Solidaires 37

L’article de "L’Humanité" du 27 mai 2013.

mardi 28 mai 2013 par Solidaires37

C’est un scandale !
Un syndicaliste poursuivi pour un « gugusse » de trop.

À Tours, le secrétaire départemental SUD PTT a été mis en examen pour un article incisif contre la direction.

Le 16 mai, à l’Assemblée nationale, les socialistes renvoyaient aux calendes grecques la proposition de loi du Front de gauche visant à amnistier les syndicalistes condamnés sous l’ère Sarkozy. Un terrible message de fermeté envoyé aux militants en tout genre.
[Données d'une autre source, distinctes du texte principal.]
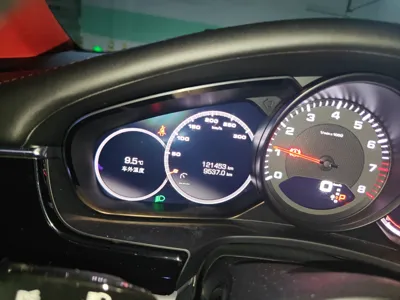 Porsche Panamera 2017, 121500 км, за 59787 USD - фото 13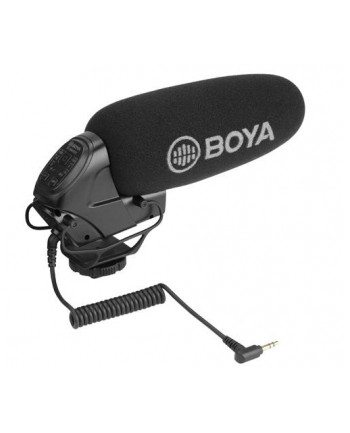 BOYA BY-BM3032 Super-Cardioid Shotgun Microphone nr 2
Et, comme pour illustrer cet avertissement, le même jour, à Tours, le secrétaire départemental SUD PTT d’Indre-et-Loire, Pascal Routy, était convoqué par le juge d’instruction puis mis en examen pour injure publique envers un particulier, en l’occurrence le directeur régional de la branche courrier de La Poste.

L’affaire remonte à 2011, et ne cesse de prendre de l’ampleur dans un contexte de dialogue social de plus en plus tendu de la part d’une poste en permanente restructuration. Cet été-là, le syndicat SUD PTT 37 publie, dans sa publication mensuelle, Sudversif, un article déplorant la sanction prise contre un facteur du bureau principal de Tours. Après une énième réorganisation des tournées, ce postier, militant à SUD, s’était retrouvé en surcharge de travail et avait fini par refuser de nouvelles heures supplémentaires pour écouler le courrier. Son cas ayant atterri en conseil de discipline, la direction locale voulait lui infliger six mois de suspension de traitement, dont deux fermes. Malgré deux jours de grève des collègues et une pétition, le directeur régional, M. Jean-Jacques Tibi, avait porté la sanction à trois mois fermes, sans salaire.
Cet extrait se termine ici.